Lorsque certains enfants seulement ont pris soin de leur père ou mère et subvenu à ses dépenses, nos avocats spécialisés en droit des successions sont parfois interrogés sur la possibilité de réclamer une créance contre sa succession.
Pour cela il convient de distinguer deux situations :
- le parent aidé était effectivement dans un état de besoin,
- le parent aidé n’était pas dans un état de besoin.
Le soutien apporté à un parent dans le besoin et l’obligation alimentaire
L’article 205 du code civil dispose que « les enfants doivent des aliments à leurs père et mère ou autres ascendants qui sont dans le besoin. ».
Un parent est considéré dans le besoin lorsqu’il est dénué de ressource suffisante pour subvenir à ses besoins.
L’aide apportée est l’exécution d’une obligation alimentaire. L’enfant qui l’a assumée ne peut en demander le remboursement à ses parents ni s’en faire indemniser dans le règlement de leur succession.
La jurisprudence a toutefois admis que la personne tenue, en vertu de l’article 205 du code civil, à une obligation alimentaire dispose d’un recours contre ses coobligés pour les sommes qu’elle a payées, excédant sa part contributive, compte tenu des facultés respectives des débiteurs. (Civ. 1re, 20 mai 1974, D. 1975.482, note Magnin). Cette action est ouverte du vivant des parents mais aussi postérieurement à leur décès (Cass civ 1ère 20 mai 1974).
Il ne s’agit pas en ce cas de dette successorale, mais d’une dette personnelle des défendeurs contre ses cohéritiers.
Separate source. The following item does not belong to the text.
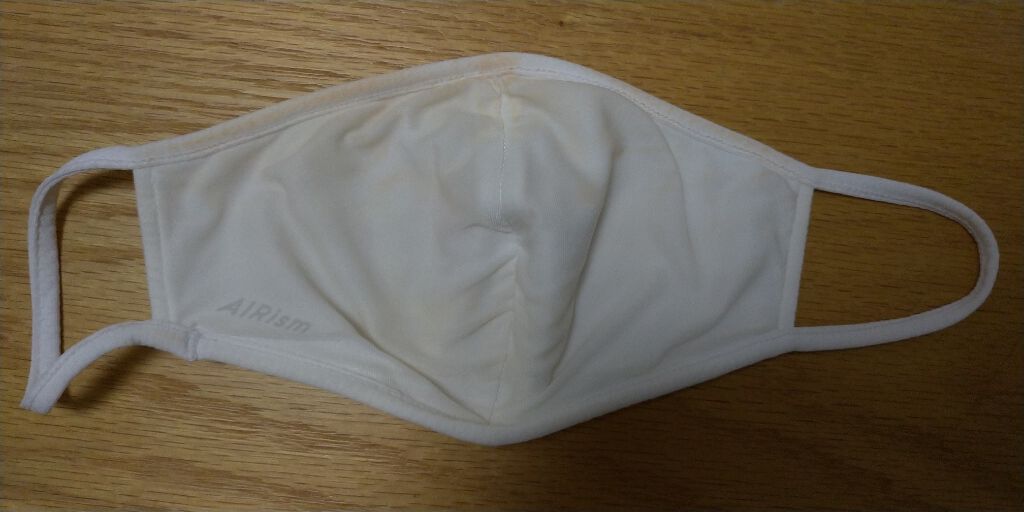 ネオクッション マット/LANEIGE/クッションファンデーションを使ったクチコミ(2枚目)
Le soutien apporté en dehors de l’obligation alimentaire et l’action en enrichissement injustifiée
Lorsqu’un enfant apporte son soutien financier à un parent qui n’est pas dans le besoin, ce soutien ne relève donc pas de l’obligation alimentaire de l’article 205 du code civil mais d’un devoir moral que l’enfant s’impose à lui-même.
Les avocats spécialisés en droit des successions du cabinet recherchent donc fréquemment pour nos clients la possibilité pour cet enfant de faire valoir contre la succession des parents, une créance d’indemnisation des frais et dépenses, voire des peines et soins de l’enfant qui s’est ainsi dévoué.
La jurisprudence a longtemps dénié l’existence de toute dette successorale au titre de cette aide, librement apportée par un enfant à son parent.
Pour justifier le refus de toute réclamation d’une indemnité contre la succession, a notamment été invoquée :
- l’intention libérale de celui qui a fourni aide à son parent,
- l’exécution spontanée sur la base d’un devoir moral de sorte que ses agissements et les frais engagés ne sont pas sans cause,
- le caractère non monnayable des prestations de soins et d’assistance,
Plusieurs auteurs ont contesté ces raisonnements estimant que l’équité exige que l’enfant dévoué reçoive un dédommagement.
La jurisprudence a fini par admettre que le devoir moral d’un enfant envers ses parents n’exclut pas que l’enfant puisse obtenir indemnité pour l’aide et l’assistance apportées, dans la mesure où, ayant excédé les exigences de la piété filiale, les prestations librement fournies ont réalisé à la fois :
- un appauvrissement pour l’enfant,
- et un enrichissement corrélatif des parents,
faisant ainsi application de la théorie de l’enrichissement injustifié (Civ. 1re, 12 juill. 1994, no 92-18.639)
Dans la situation tranchée en 1994 par la cour de cassation, un des enfants demandait à être indemnisé pour le temps et les soins consacrés à ses vieux parents, auxquels il avait évité d’être placé dans une maison de retraite et auxquels il avait apporté une assistance constante pour laquelle il avait même sacrifié son avenir professionnel.